Segment Start: DATA SUPPLIED
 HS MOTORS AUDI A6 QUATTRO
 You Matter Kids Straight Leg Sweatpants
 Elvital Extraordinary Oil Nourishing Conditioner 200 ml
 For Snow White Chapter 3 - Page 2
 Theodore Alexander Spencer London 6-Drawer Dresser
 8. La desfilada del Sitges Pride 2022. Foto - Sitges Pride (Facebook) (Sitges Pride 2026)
Segment End: DATA SUPPLIED
Segment Start: DATA SUPPLIED
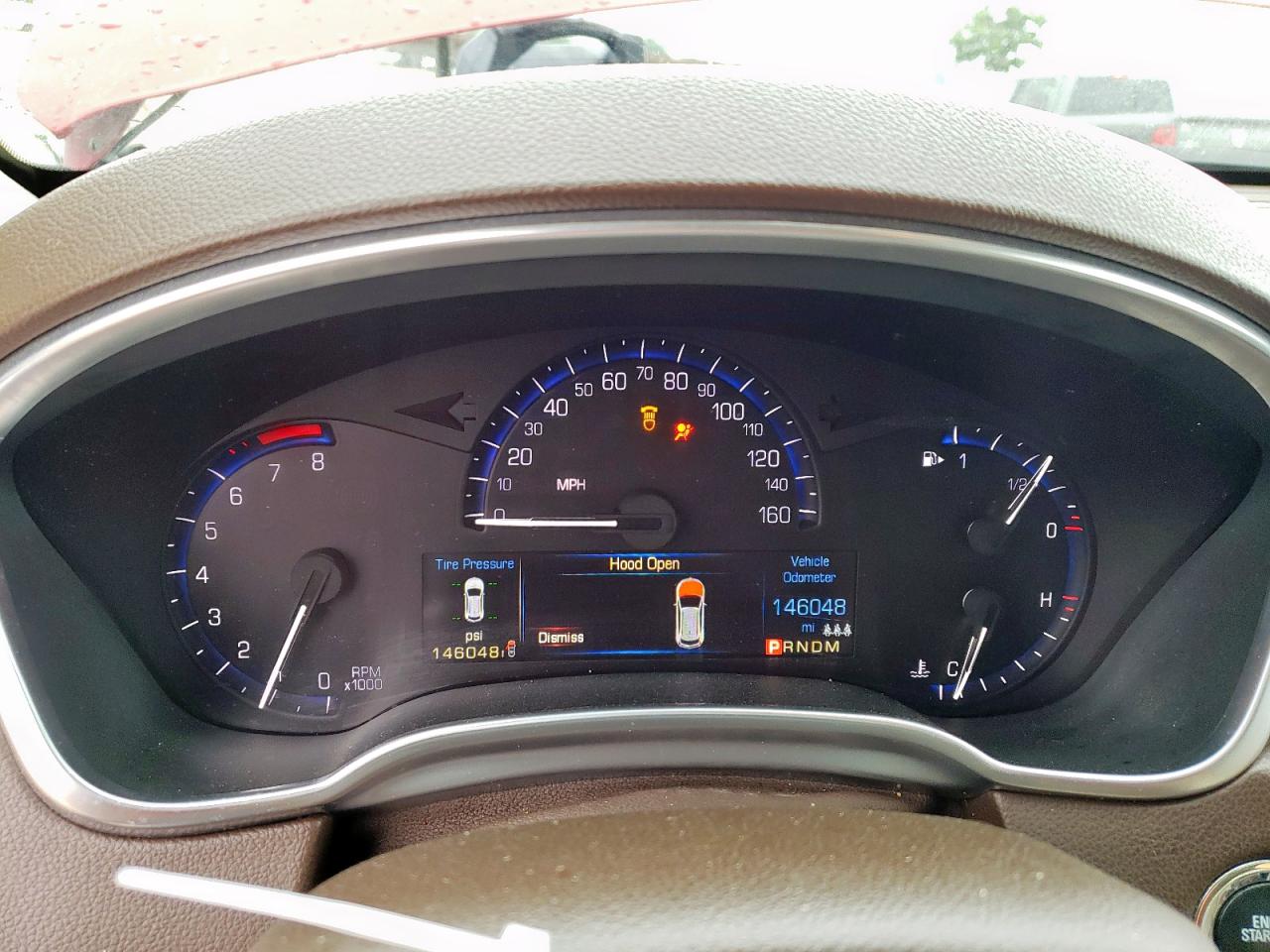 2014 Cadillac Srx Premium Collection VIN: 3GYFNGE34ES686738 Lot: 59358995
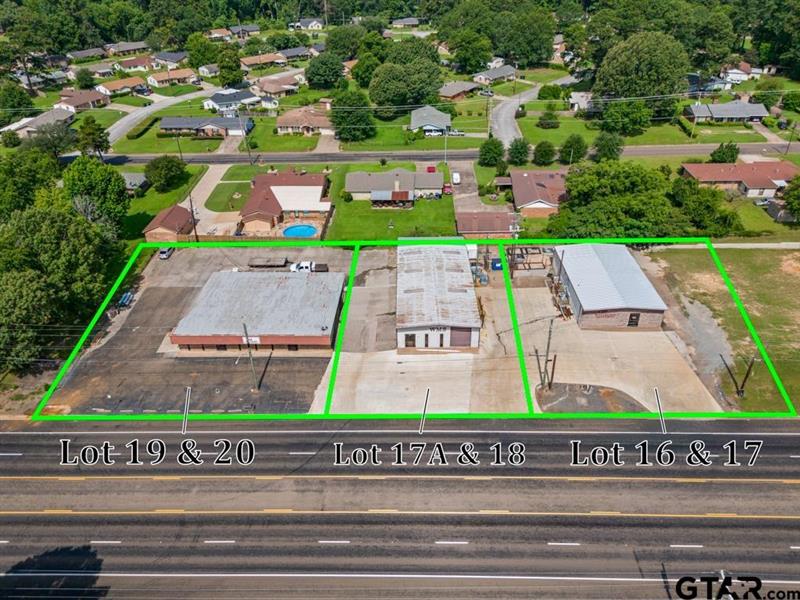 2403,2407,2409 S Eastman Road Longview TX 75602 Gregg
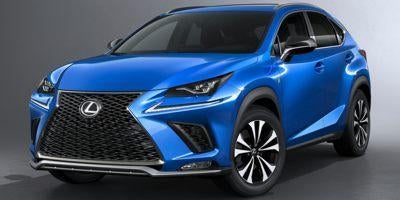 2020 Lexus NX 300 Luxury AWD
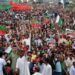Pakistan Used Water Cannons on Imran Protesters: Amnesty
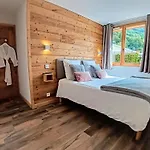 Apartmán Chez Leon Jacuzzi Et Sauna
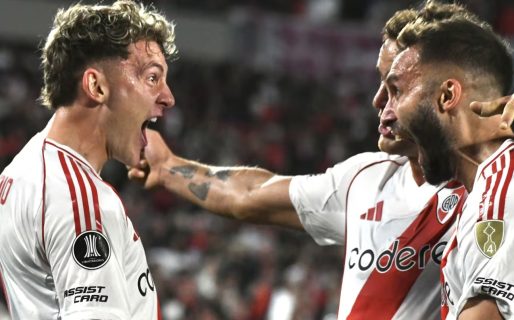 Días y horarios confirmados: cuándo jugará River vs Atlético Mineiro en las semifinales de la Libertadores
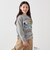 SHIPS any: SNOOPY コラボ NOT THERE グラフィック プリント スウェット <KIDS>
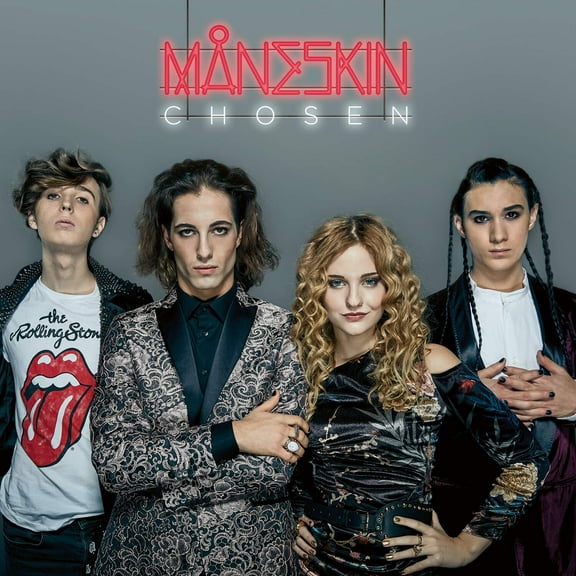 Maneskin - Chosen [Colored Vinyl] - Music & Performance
Segment End: DATA SUPPLIED
### [TASK TO COMPLETE]
From the records above, transcribe without alteration every line from the one with "HS MOTORS AUDI A6 QUATTRO" to the one with "8. La desfilada", inclusive.

### [ANSWER SECTION]
 HS MOTORS AUDI A6 QUATTRO
 You Matter Kids Straight Leg Sweatpants
 Elvital Extraordinary Oil Nourishing Conditioner 200 ml
 For Snow White Chapter 3 - Page 2
 Theodore Alexander Spencer London 6-Drawer Dresser
 8. La desfilada del Sitges Pride 2022. Foto - Sitges Pride (Facebook) (Sitges Pride 2026)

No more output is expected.